House, Senate Disagree on SRF Funding Levels
The House and Senate have adjourned without reaching an agreement on funding for the Clean Water State Revolving Fund (SRF).
The House and Senate have adjourned without reaching an agreement on funding for the Clean Water State Revolving Fund (SRF). While the Senate has approved $1.35 billion for the fund, the House Appropriations Committee for the first time passed a measure that would cut the SRF funding by 37 percent.
Congress is expected to return for a lame-duck session during the week of Nov. 15. They are expected to pass an omnibus funding packet to incorporate the remaining fiscal 2005 appropriation bills. So far, Congress has cleared only four out of 13 appropriation bills.
The Senate Appropriations Committee unanimously approved the Subcommittee on Veterans Affairs, Housing and Urban Development (VA-HUD) and Independent Agencies' appropriations package (S. 1584) which included full funding for the Clean Water State Revolving Fund (CWSRF). The bill would fund the CWSRF at the fiscal year 2004 level of $1.35 billion, compared with the $850 million approved by the House Appropriations Committee.
In July, the House Subcommittee on VA-HUD and Independent Agencies and the full Appropriations Committee slashed clean water funding by almost $500 million – a 37 percent reduction from last year. Lawmakers in the House and Senate must now negotiate a mutually acceptable funding level for the CWSRF.
The Association of Metropolitan Sewerage Agencies (AMSA) and a broad coalition of state and local organizations, labor, construction and environmental and public health groups helped spur the Senate Committee's action, through meetings with key congressional staff and letter writing campaigns.

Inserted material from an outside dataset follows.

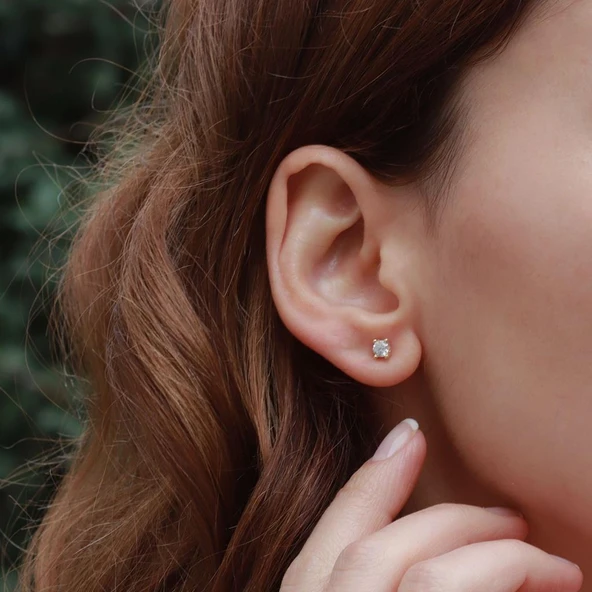 Starlight Diamond Tek Taş Round Kesim Gold Kaplama Küpe ürün görseli 1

The coalition also released a timely report, All Dried Up: How Clean Water Is Threatened by Budget Cuts (www. amsa-cleanwater.org/pubs/ 2004-09-15ADU.pdf), which was disseminated to targeted members of Congress via a press release. Specifically, the report focuses on the effects that not restoring full funding would have; including the federal assistance each state stands to lose, how many jobs would not be created and the number of water improvement projects held up or scrapped.
Congress Approves CALFED Funding Bill
The House of Representatives has passed H.R. 2828, Cal-Fed, marking the end of a decade-long Congressional effort to complete this critical water program for the state of California. Having now passed both chambers of Congress, Cal-Fed was sent to President Bush, who was expected to sign the bill into law.
"The days of no new water storage for California are over," said Resources Committee Chairman Richard W. Pombo (R-CA). "Today we finished a decade of hard work and established a path to bring new water storage projects online for the first time in 30 years. This legislation represents a paradigm shift in our policy by making water storage the lynchpin of the entire Cal-Fed program. The success of Cal-Fed depends upon expanded and better-managed storage, and this bill establishes a framework around that very fact."
The Cal-Fed bill includes $90 million for pre-authorized levees and levee stability projects; more than $180 million for pre-authorized water quality improvement projects throughout California, including drinking water; and $90 million for Fish and Wildlife enhancements. It also establishes a "trigger" mechanism for the implementation of storage projects. Once a project feasibility study is completed, the Congress must authorize the project. If it does not, the Secretary of the Interior must declare an "imbalance" in the Cal-Fed program and prescribe what must be done to achieve balance.
In addition, Pombo has won the guarantee of Senator Pete Domenici (R-NM), Chairman of the Senate Committee on Energy and Natural Resources, and California Governor Arnold Schwarzenegger, that necessary funding will be secured to complete storage feasibility studies as soon as possible.
"Ample storage is critical to every sound water policy in the United States," Senator Domenici said. "California has clearly fallen behind in this regard, which is why I have committed to work on Chairman Pombo's behalf to fund the feasibility studies necessary to increase water storage in his state."
"By moving from an endless state of planning and paralysis by analysis into the stages of implementation, this legislation will finally deliver the resources we need for our economy and our environment," Pombo continued. "We will enhance Delta water quality, improve delivery, and secure future supplies of water - the lifeblood of California's agricultural economy."
According to the California Farm Water Coalition, the Golden States' agricultural exports are valued at nearly $7 billion. Each $1 billion in agricultural exports creates 27,000 jobs. That is 8.9 percent of all the jobs in the state. Additional storage gives the state more flexibility and financial relief in times of draught. Without increased storage, rate payers will continue to be subject to price spikes during times of shortage. For example, water rates in the Contra Costa water district increased by an average of 22% a year during the draught period between 1987 and 1992.